## Entries taken from a collection
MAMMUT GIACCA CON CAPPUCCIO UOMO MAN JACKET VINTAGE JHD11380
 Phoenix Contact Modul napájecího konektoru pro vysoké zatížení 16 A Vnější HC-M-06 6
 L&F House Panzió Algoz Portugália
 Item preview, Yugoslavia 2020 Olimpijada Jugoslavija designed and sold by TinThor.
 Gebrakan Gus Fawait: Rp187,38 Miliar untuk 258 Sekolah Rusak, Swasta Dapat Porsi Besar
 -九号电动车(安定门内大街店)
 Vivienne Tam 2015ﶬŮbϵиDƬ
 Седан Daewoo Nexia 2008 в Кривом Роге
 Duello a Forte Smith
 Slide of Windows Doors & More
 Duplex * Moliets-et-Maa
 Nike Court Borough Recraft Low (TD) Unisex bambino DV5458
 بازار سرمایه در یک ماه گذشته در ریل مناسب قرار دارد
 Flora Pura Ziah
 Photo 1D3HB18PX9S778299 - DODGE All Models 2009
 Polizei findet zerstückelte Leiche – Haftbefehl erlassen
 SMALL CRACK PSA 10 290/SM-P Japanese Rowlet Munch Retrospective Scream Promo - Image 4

## INSTRUCTIONS TO FOLLOW
Repeat the data in full, keeping each word exactly as it is.

## ANSWER BOX
MAMMUT GIACCA CON CAPPUCCIO UOMO MAN JACKET VINTAGE JHD11380
 Phoenix Contact Modul napájecího konektoru pro vysoké zatížení 16 A Vnější HC-M-06 6
 L&F House Panzió Algoz Portugália
 Item preview, Yugoslavia 2020 Olimpijada Jugoslavija designed and sold by TinThor.
 Gebrakan Gus Fawait: Rp187,38 Miliar untuk 258 Sekolah Rusak, Swasta Dapat Porsi Besar
 -九号电动车(安定门内大街店)
 Vivienne Tam 2015ﶬŮbϵиDƬ
 Седан Daewoo Nexia 2008 в Кривом Роге
 Duello a Forte Smith
 Slide of Windows Doors & More
 Duplex * Moliets-et-Maa
 Nike Court Borough Recraft Low (TD) Unisex bambino DV5458
 بازار سرمایه در یک ماه گذشته در ریل مناسب قرار دارد
 Flora Pura Ziah
 Photo 1D3HB18PX9S778299 - DODGE All Models 2009
 Polizei findet zerstückelte Leiche – Haftbefehl erlassen
 SMALL CRACK PSA 10 290/SM-P Japanese Rowlet Munch Retrospective Scream Promo - Image 4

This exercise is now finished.